J’ai eu l’opportunité de participer à une master class au conservatoire de Toulon mercredi dernier. La master class est un cours qui se caractérise par deux points :

  1. il est donné par une autre personne que son professeur habituel (en général un concertiste, un pédagogue renommé), ici le pianiste Wilhem Latchoumia
  2. il est public

L’élève amène un ou plusieurs morceaux aboutis, prêts ou presque à être joués en public, voir déjà joué en public, pour en recevoir les conseils du maître.

Trois danses argentines

C’était pour moi l’occasion de jouer les Trois danses argentines du compositeur argentin Alberto Ginastera, une œuvre pour piano singulière que j’ai connue, et qui je crois a été rendue connue, par sa compatriote Marta Argerich dans l’enregistrement célèbre de son récital de 1979. Voir la vidéo ci-dessous, les trois danses sont dans trois vidéos distinctes :

Depuis, les trois danses sont plus fréquemment jouées, notamment car elles créent un effet formidable par sa troisième danse extrêmement rapide et festive (sur la partition on y trouve les mot violente, furioso et selvaggio par exemple). La version plus récente de Juan Floristán est excellente également, et très bien filmée.

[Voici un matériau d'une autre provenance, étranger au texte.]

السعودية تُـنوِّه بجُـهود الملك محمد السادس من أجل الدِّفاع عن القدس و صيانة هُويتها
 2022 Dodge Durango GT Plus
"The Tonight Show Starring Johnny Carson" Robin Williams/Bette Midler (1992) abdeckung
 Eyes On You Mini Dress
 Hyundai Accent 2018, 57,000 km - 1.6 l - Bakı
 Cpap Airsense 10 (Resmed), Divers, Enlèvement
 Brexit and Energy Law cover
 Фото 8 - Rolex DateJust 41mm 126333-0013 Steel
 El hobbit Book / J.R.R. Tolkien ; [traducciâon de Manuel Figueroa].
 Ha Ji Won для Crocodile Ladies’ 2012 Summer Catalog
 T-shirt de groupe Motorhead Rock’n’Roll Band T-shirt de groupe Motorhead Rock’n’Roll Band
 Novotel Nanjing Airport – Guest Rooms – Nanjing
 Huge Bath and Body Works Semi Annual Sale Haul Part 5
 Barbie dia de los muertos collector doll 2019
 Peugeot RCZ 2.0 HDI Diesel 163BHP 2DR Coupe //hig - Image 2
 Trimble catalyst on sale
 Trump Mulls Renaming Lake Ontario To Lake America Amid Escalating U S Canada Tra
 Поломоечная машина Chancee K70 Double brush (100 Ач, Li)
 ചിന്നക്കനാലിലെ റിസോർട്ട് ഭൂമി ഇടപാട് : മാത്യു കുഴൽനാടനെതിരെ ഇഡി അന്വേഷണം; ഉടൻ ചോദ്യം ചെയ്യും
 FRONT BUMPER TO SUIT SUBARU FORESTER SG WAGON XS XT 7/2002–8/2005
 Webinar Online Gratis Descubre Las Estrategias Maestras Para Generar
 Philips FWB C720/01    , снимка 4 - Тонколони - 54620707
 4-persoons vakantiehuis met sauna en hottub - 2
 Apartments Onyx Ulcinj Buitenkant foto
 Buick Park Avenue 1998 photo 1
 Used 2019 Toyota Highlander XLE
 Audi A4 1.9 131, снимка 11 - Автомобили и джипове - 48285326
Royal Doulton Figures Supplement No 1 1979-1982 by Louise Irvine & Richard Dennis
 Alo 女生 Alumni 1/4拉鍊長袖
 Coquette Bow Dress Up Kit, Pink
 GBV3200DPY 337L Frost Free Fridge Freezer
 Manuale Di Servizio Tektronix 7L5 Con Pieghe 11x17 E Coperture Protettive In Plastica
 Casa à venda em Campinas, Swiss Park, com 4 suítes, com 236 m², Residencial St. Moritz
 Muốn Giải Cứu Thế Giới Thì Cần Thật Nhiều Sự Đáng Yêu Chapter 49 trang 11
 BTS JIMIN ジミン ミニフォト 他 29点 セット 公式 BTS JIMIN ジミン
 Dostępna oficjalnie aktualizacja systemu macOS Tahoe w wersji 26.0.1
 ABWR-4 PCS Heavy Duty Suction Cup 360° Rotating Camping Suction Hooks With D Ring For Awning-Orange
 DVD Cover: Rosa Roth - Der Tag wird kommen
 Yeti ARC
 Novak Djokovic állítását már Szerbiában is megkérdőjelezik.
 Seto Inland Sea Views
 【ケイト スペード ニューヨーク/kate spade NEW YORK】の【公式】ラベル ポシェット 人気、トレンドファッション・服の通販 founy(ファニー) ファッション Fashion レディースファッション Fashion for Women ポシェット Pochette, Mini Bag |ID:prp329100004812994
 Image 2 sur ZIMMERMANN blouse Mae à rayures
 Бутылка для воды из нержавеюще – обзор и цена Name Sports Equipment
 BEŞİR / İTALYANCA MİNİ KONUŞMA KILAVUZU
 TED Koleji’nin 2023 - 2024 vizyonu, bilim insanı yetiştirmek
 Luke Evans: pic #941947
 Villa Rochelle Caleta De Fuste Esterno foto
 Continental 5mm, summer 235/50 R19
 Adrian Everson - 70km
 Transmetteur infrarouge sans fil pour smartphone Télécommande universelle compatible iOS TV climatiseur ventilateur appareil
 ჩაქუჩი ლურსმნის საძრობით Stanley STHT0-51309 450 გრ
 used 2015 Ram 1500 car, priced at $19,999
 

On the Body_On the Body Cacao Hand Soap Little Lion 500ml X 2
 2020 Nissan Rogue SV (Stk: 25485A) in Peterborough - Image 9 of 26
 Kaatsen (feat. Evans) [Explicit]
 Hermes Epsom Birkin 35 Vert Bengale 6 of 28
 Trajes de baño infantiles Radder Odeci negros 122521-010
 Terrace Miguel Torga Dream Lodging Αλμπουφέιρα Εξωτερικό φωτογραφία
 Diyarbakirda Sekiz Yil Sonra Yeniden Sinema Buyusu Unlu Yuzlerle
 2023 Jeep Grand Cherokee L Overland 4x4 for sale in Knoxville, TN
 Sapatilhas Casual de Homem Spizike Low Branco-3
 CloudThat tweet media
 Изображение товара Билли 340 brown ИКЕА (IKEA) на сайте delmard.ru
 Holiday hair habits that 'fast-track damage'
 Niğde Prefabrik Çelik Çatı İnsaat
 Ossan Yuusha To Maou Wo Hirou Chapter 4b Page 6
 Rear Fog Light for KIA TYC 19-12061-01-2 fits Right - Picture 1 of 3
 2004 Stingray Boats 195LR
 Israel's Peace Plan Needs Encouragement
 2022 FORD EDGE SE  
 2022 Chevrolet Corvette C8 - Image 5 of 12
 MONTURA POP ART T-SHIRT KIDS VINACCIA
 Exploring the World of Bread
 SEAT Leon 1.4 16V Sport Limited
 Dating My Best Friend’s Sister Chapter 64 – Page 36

Ces danses qui respectent une traditionnelle alternance vif-lent-vif sont en fait très inégales. Toutes trois à 6/8 (6 croches par mesure, rythme ternaire), elles sont néanmoins disproportionnées (81 mesures, 82 mesures, … 232 mesures) et de style très différent : sec, rubato, rythmique. On y retrouve néanmoins le style déjà marqué de Ginastera, bien qu’il ne s’agisse que de son deuxième opus : la répétition des motifs, une inspiration folklorique, un esprit diaboliquement festif, la polytonalité. Il est notamment célèbre pour son incroyable ballet Estancia, qui reprend ces caractéristiques.

Les trois danses s’intitulent :

  1. Danza del viejo boyero (Danse du vieux vacher)
  2. Danza de la moza donosa (Danse de la jolie paysanne)
  3. Danza del gaucho matero (Dans du gaucho malin)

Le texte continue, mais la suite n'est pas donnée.